Speakers
Description
The Electric Field Detector (EFD-02) on board of the second China Seismo-Electromagnetic Satellite (CSES-02) will measure the ionospheric electric field components at a Low Earth Orbit (LEO) over a wide frequency band (DC - 3.75 MHz) and with less than 1 \muV/m/\sqrt{Hz} sensitivity. EFD-02 will measure the voltage differences between pairs of probes installed at the tips of four booms deployed from the satellite. In this work we describe the digital hardware section based on a Zynq SoC device in charge of signal processing and data acquisition and we show the instrument overall performances.
Summary (500 words)
The China Seismo-Electromagnetic Satellite (CSES) program is meant to monitor dynamic perturbations of top-side electromagnetic field, plasma and particles of the Earth’s ionosphere to study their possible correlations with the occurrence of seismic events. Another major goal of the mission is the investigation of the interaction between the solar wind and magnetosphere-ionosphere system. The CSES-02 mission foresees the launch of a second satellite, scheduled by the end of 2023, with an expected lifetime of 6 years.

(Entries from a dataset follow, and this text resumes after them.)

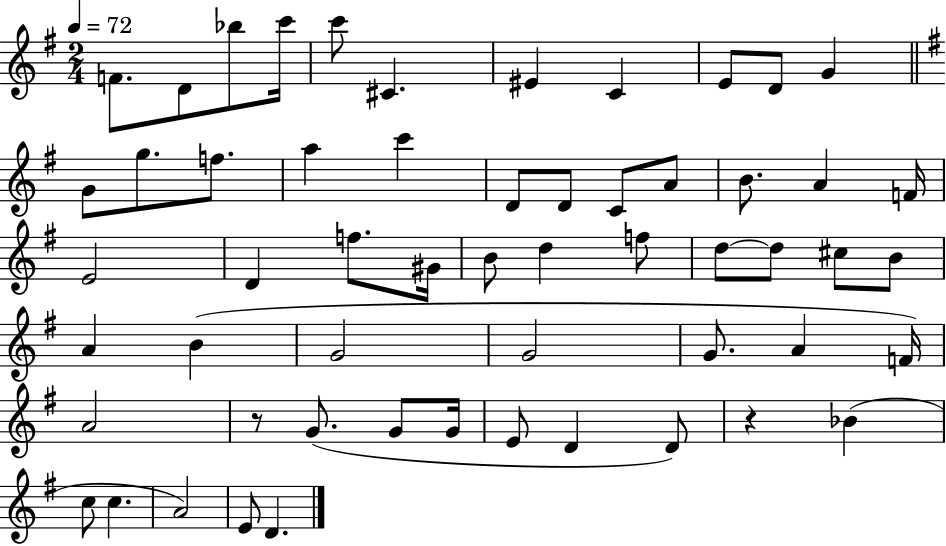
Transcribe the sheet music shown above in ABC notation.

X:1
T:Untitled
M:2/4
L:1/4
K:G
F/2 D/2 _b/2 c'/4 c'/2 ^C ^E C E/2 D/2 G G/2 g/2 f/2 a c' D/2 D/2 C/2 A/2 B/2 A F/4 E2 D f/2 ^G/4 B/2 d f/2 d/2 d/2 ^c/2 B/2 A B G2 G2 G/2 A F/4 A2 z/2 G/2 G/2 G/4 E/2 D D/2 z _B c/2 c A2 E/2 D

Aboard of CSES-02 there will be the Electric Field Detector (EFD), that measures the differences in electric potential (with respect to the spacecraft potential) between different pairs of probes mounted at the tips of 4 booms deployed at 4.5 m from the satellite. Electric field components are obtained as the difference between two probes voltages divided by their relative distance (8.3 m on average).
Regarding the instrument specifications, EFD-02 band range will cover from DC to 3.5 MHz, with a typical resolution ≤1 \muV/m (DC-16 Hz). Signal acquisition is realized in five bands defined as follows: ULF band in the range from 0 to 100 Hz, with dynamic range of 144 dB; ELF band up to 2 kHz with a dynamic range of 120 dB; VLF band up to 30 kHz with a dynamic range of 96 dB; VLFe up to 100 kHz with a dynamic range of 96 dB; HF in the range of 21 kHz to 3.75 MHz with a dynamic range of 72 dB. There are 4 different ULF channels, each one deriving from the 4 probes, while there are 3 channels for ELF, VLF, VLFe and HF bands, deriving from 3 analog signal differences between programmable pairs of the 4 probes. The measured sensitivity of the instrument is less than 0.1 \muV/m/\sqrt{Hz}.
The instrument is composed of several parts, such as the Electric Field Probes, that are 4 identical sensors housing a spherical shell placed at the end of the satellite boom; the Low Voltage Power Supply and Control, that manages power supply, housekeeping and TM/TC interface towards the satellite; the Splitter, that controls the switching of signals and power supply lines of the probes between the hot and cold electronics; the Analog Processing Unit, that makes the analog-to-digital conversion and pre-filtering of the signals; the Digital Processing Unit (DPU) that performs digital processing and data handling. The architecture of the DPU will be described, in particular the Programmable Logic part implemented in a Zynq SoC device, that is in charge of signal filtering, frequency band division, Fourier transform, statistical functions calculation and, finally, data scheduling and formatting according to the 82 Gbit/day payload requirement.
Regarding the statistical functions, we perform real-time calculation of average, standard deviation and kurtosis of spectral data on VLF, VLFe and HF bands with a streaming pipelined architecture, implemented both in fixed point and in floating point arithmetics. The results and comparison of these two implementations will be shown.